Le fonctionnement de Parcoursup repose sur la transparence et la comparabilité des informations. Chaque formation présente ses attentes dans un canevas commun afin de simplifier la lecture et la mise en regard des options (contenus, débouchés, frais, éligibilité aux bourses). La plateforme a aussi intégré des repères pratiques issus de consultations massives (jusqu’à 645 000 lycéens) pour mieux guider les choix, tout en veillant à ne pas générer une surcharge d’informations. Les équipes affirment travailler davantage la compréhension que la seule transparence brute. De petites améliorations concrètes — interface mobile ajustée, rappels par SMS, site d’entraînement — ont été mises en place pour réduire les erreurs et le stress opérationnel.

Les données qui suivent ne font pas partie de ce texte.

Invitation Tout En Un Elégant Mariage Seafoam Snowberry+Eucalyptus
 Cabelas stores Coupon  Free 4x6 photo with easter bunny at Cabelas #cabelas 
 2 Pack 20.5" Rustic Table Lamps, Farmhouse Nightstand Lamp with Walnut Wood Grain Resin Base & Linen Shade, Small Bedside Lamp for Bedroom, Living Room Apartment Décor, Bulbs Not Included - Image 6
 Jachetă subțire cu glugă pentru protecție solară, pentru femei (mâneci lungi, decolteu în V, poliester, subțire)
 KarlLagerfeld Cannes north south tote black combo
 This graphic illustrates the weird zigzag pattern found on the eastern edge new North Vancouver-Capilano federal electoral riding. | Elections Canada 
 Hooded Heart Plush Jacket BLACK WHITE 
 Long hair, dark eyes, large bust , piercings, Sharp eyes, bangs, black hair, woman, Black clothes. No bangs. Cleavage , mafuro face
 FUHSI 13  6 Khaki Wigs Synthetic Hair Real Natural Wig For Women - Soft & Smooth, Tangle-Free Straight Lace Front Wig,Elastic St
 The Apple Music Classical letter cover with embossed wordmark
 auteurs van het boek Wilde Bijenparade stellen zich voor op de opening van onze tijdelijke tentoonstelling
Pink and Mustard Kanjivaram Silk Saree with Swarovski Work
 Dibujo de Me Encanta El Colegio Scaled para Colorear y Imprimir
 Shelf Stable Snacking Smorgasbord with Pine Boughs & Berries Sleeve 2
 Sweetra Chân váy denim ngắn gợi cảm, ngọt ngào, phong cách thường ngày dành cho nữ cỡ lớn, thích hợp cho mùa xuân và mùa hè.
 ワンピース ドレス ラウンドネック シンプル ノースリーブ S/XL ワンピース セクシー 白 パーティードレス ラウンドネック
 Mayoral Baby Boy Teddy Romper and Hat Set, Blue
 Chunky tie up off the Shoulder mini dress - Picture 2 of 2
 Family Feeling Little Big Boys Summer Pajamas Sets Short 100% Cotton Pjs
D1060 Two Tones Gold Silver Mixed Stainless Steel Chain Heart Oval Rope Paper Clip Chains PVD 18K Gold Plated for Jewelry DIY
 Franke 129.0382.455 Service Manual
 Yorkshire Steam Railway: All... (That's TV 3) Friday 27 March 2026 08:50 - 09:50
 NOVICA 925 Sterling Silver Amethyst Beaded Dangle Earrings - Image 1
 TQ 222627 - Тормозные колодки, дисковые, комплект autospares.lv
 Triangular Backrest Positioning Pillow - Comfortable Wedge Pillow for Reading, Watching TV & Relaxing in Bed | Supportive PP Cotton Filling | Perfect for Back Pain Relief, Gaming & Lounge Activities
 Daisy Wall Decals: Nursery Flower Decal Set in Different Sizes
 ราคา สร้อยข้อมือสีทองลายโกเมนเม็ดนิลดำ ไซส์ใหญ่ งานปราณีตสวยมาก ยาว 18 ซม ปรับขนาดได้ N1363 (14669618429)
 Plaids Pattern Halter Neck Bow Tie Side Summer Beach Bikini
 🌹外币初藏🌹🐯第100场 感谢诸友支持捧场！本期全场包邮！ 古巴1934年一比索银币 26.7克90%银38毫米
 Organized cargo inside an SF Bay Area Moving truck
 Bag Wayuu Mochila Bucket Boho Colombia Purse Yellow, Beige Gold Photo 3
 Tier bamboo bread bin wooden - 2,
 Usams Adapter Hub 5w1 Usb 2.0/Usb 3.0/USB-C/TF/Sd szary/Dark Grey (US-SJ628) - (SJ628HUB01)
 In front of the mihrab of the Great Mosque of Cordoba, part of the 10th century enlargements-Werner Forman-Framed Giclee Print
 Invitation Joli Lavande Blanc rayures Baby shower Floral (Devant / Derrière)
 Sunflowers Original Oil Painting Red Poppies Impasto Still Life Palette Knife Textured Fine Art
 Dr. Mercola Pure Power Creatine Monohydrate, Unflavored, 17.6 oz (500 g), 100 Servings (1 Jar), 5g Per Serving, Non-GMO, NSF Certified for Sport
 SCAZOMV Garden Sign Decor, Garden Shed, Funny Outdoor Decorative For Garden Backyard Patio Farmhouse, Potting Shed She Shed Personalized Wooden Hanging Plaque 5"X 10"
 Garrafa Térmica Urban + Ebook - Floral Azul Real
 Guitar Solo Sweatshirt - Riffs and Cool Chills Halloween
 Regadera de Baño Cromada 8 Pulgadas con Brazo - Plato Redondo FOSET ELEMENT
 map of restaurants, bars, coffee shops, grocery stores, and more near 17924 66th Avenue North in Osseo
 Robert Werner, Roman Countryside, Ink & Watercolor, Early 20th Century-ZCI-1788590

La question des critères de sélection suscite souvent des débats, notamment autour des lettres de motivation Parcoursup et de “l’algorithme”. Jérôme Teillard précise que la priorité varie selon les filières : les notes et les appréciations pèsent fortement dans certaines licences, tandis que la motivation peut être décisive dans des formations professionnalisantes (comme les IFSI). L’“algorithme”, présenté de façon dédramatisée, n’est qu’une procédure d’ordonnancement et de gestion des places ; l’évaluation des dossiers relève des établissements. Les polémiques virales (comme la recette de brownie dans une lettre) sont nuancées : elles ne reflètent pas la règle générale, et alimentent des ajustements en cours, notamment sur l’utilité réelle de demander systématiquement une lettre. L’objectif affiché est d’aligner les exigences des formations avec une expérience candidate plus lisible.

Au-delà de la phase principale, le dispositif prévoit un accompagnement individualisé pour les candidats sans proposition, y compris en été, via les rectorats. L’an passé, environ 20 000 candidats ont sollicité cet appui ; à la fin septembre, seuls 134 lycéens accompagnés n’avaient pas encore trouvé de solution. Par ailleurs, la réalité des parcours est plus diverse qu’on le croit : certains lycéens optent pour des voies hors Parcoursup, des études à l’étranger, l’apprentissage, l’emploi ou le service civique. L’outil se veut un facilitateur vers la réussite dans l’enseignement supérieur, plutôt qu’une fin en soi. Les responsables soulignent qu’il ne faut pas réduire l’orientation à “un choix = une vie”. Même si les étudiants peuvent essayer d’éviter de faire de mauvais choix d’orientation, l’important est de reconnaître le droit à l’erreur et les passerelles.

Reste un enjeu culturel plus large : préparer les jeunes à formuler un projet, accepter l’évolution des trajectoires et valoriser la réorientation, en pensant aux semestres de réorientation. Parcoursup évolue par “petites touches” annuelles, en s’appuyant sur les retours des usagers, des parents et des équipes pédagogiques. L’ambition est d’améliorer l’équité d’accès et la lisibilité, sans complexifier inutilement. La ministre chargée à la fois du scolaire et du supérieur porte par ailleurs un travail en amont sur l’orientation dès le lycée, afin de donner davantage de temps et de repères. Dans ce cadre, Parcoursup apparaît moins comme une “machine à trier” que comme un révélateur des défis éducatifs et sociétaux : accompagner des choix mieux informés, réduire l’anxiété par l’humain et, surtout, aider chacun à réussir ses études.